- **What the task requires**
Word for word, write out all of the entries that follow.

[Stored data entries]
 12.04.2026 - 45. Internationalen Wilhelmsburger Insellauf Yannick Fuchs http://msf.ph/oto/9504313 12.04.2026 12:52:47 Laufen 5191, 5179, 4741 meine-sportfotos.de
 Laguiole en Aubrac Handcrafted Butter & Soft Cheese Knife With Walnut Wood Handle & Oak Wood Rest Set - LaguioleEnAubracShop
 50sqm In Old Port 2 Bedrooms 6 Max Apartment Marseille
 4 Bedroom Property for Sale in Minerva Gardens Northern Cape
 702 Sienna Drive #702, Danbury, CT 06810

- **Response for this exercise**
 12.04.2026 - 45. Internationalen Wilhelmsburger Insellauf Yannick Fuchs http://msf.ph/oto/9504313 12.04.2026 12:52:47 Laufen 5191, 5179, 4741 meine-sportfotos.de
 Laguiole en Aubrac Handcrafted Butter & Soft Cheese Knife With Walnut Wood Handle & Oak Wood Rest Set - LaguioleEnAubracShop
 50sqm In Old Port 2 Bedrooms 6 Max Apartment Marseille
 4 Bedroom Property for Sale in Minerva Gardens Northern Cape
 702 Sienna Drive #702, Danbury, CT 06810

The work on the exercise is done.